En cuanto al tercero ocurre otro tanto, pues se pretende que se aplique al contrato celebrado con "Flavia, S. A.", la doctrina del levantamiento del velo, para con ello anular la transacción por confusión de derechos, aun reconociendo que "Teczone" ostenta personalidad jurídica y patrimonio diferentes y que tal doctrina sólo se aplica por este Tribunal Supremo en casos excepcionales y con la mayor cautela, pretendiéndose en el supuesto que nos ocupa privar a la transacción de la eficacia y autoridad de cosa juzgada para las partes que el art. 1.816 del CC le atribuye, siendo así que, dada la finalidad y efectos de la transacción, cual establece la Sentencia de 4 de abril de 1991, recogiendo doctrina establecida en las de 26 de abril de 1963 y 20 de abril de 1989, a partir del acto de transigir no es ya lícito exhumar situaciones preexistentes afectantes a situaciones jurídicas cuya colisión e incertidumbre dio lugar a la transacción, y habrán por ello de respetarse escrupulosamente las obligaciones fijadas en el pacto transaccional, que deberá entenderse e interpretarse sin mengua de la naturaleza contractual (ver en el mismo sentido la Sentencia de 29 de noviembre de 1991 ). Los pretendidos abusos de Derecho y fraude de Ley; concurrirían pues, en los actores, que accionan a punto de cumplirse los cuatro años, cuando la situación de ambas partes está ya saneada.

Cuarto

Por imperativo legal (art. 1.715. párrafo último de la LEC ), han de imponerse las costas a los recurrentes, con pérdida del depósito constituido, al que se dará el destino legal.

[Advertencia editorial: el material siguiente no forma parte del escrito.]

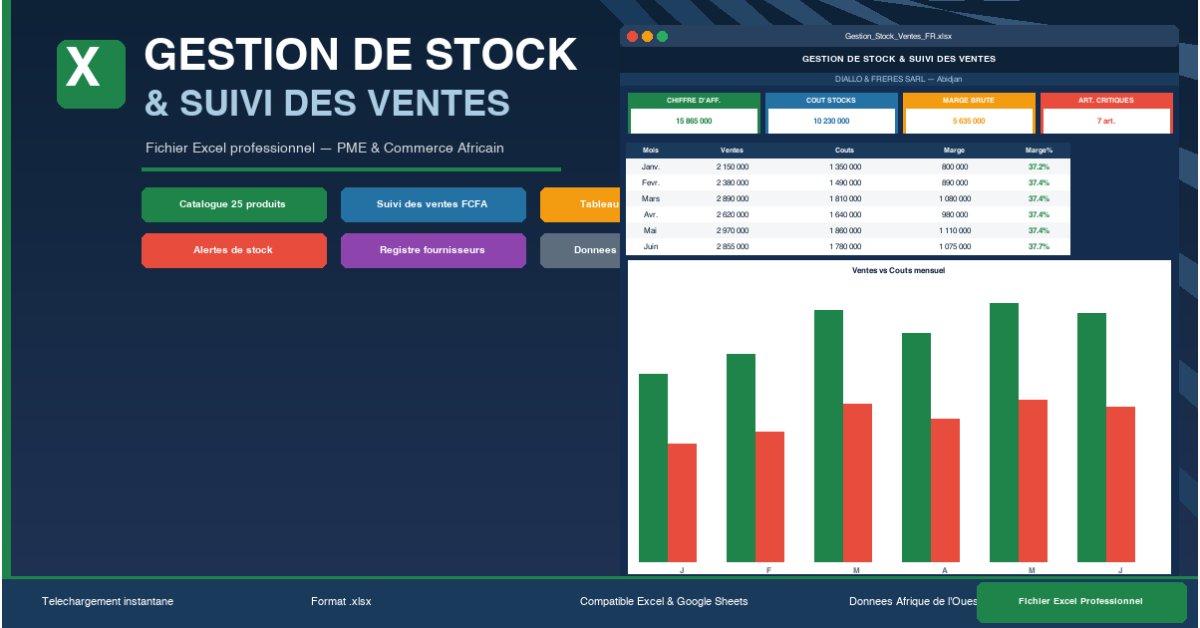 Gestion Stock & Ventes Excel — Catalogue, Alertes Stock, Fournisseurs & Marges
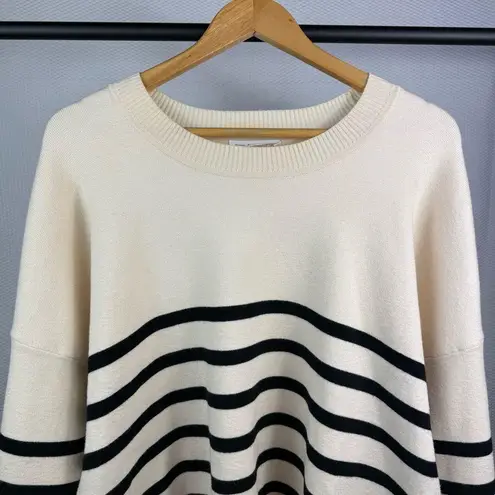 FOR THE REPUBLIC Cream and Black Striped Crew Neck Sweater Size XXL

Por lo expuesto, en nombre del Rey por la autoridad conferida por el pueblo español,

FALLAMOS

Que debemos declarar y declaramos no haber lugar al recurso de casación interpuesto por el Procurador don Luis Pozas Granero, en representación de don Juan Carlos , don Vicente y "Bullaque, S.

A.", contra la Sentencia dictada en 1 de octubre de 1990, por la Sección Duodécima de la Audiencia Provincial de Madrid ; condenamos a dichos recurrentes al pago de las costas; decretamos la pérdida del depósito constituido, al que se dará el destino legal; y a su tiempo, comuníquese esta resolución a expresada Audiencia, devolviéndole os autos y rollo de Sala que remitió.ASI por esta nuestra Sentencia, que se insertará en la COLLCCION LEGISLATIVA, pasándose al efecto las copias necesarias, lo pronunciamos, mandamos y firmamos.-José Luis Albacar López.-Eduardo Fernández Cid de Temes.-José Almagro Nosete.- Rubricados.

Publicación: Leída y publicada ha sido la anterior Sentencia por el Excmo. Sr. don Eduardo Fernández Cid de Temes, Ponente que ha sido en el trámite de los presentes autos, estando celebrando Audiencia Pública la Sala Primera del Tribunal Supremo, en el día de hoy; de lo que como Secretario de la misma certifico.-Cortés Monge.-Rubricado.